Prof. Stercho stressed: “We have a sacred duty to remember and to make others aware of the past and present sacrifice of the Ukrainian nation in the battle for freedom, truth and justice. We have a sacred duty to learn the true reasons and motives of the Bolshevik Moscow-directed famine that occurred in Ukraine 50 years ago, at a time of good harvest. We have a sacred duty to make our Ukrainian youth and the nations of the free world aware of these tragic historic facts.”

The requiem service concluded with the singing of the Ukrainian national anthem as the veterans and youth groups saluted. The service was broadcast live by the Voice of America.

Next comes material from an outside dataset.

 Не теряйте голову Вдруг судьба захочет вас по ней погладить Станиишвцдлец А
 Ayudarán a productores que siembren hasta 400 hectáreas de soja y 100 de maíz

The outdoor program continued with remarks by George Pappas, chairman of the New Jersey Governor’s Ethnic Advisory Council, who read Gov. Thomas Kean’s proclamation designating May 15 as the Official Commemoration Day of the Great Famine in Ukraine.

Also present at the outdoor memorial program were: T. Robert Zochowski, director of New Jersey’s Office of Ethnic Affairs, and John T. Jacobson, assistant to the secretary of state, who were accompanied by Andrew Keybida and Zenon Onufryk, members of the Ethnic Advisory Council.

Mr. Zochowski told The Weekly that Gov. Kean had announced that he will form a “governor’s study commission” to look into the public school curriculum for “historical inaccuracies concerning the peoples of Eastern Europe and the nationalities of the USSR.”

Mr. Zochowski said that the group “would probably be composed of both private individuals and public officials” and would include representatives of the ethnic groups involved. Details, he said, would be released in several weeks by the governor’s office.

Mr. Onufryk noted that the creation of a governor’s study commission is a “precedent-setting move,” since it is the first such commission, not only in New Jersey, but in the entire United States, and that the Ukrainian community would be extremely grateful to the governor for this act.

Mr. Keybida, addressing Messrs. Zochowski, Jacobson and Pappas, the latter accompanied by his wife Katherina, said: “We are grateful that you came to join with us in prayer” and we are grateful to the governor for his proclamation.

Meanwhile, the thousands who had attended the requiem service dispersed throughout the grounds of the Ukrainian Orthodox Center, and many went to offer their prayers at the graves of family members and friends.

Later that afternoon, a memorial concert was held at the Home of Ukrainian Culture (see story on page 4).